= AVAILABLE DATA =
┌──

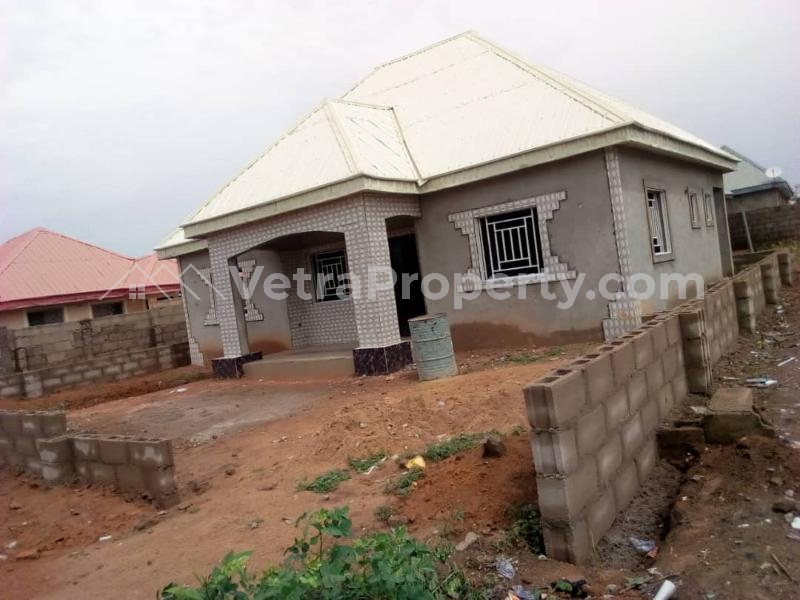  Uncompleted Three (3) Bedroom Flat.  3 bedroom Mini Flat for Sale Kaduna South Kaduna Vetra  Property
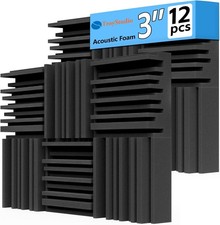 Thick Acoustic Foam Panels, 12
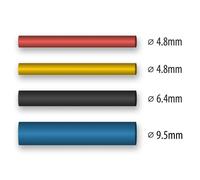 Kit de gaines thermorétractables (32 pcs) - WAGNER 2370676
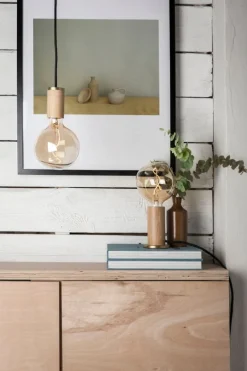 Tala Knuckle pendant, oak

└──

Could you print the listing above word for word, without its pictures?

= THE ANSWER =
  Uncompleted Three (3) Bedroom Flat.  3 bedroom Mini Flat for Sale Kaduna South Kaduna Vetra  Property
 Thick Acoustic Foam Panels, 12
 Kit de gaines thermorétractables (32 pcs) - WAGNER 2370676
 Tala Knuckle pendant, oak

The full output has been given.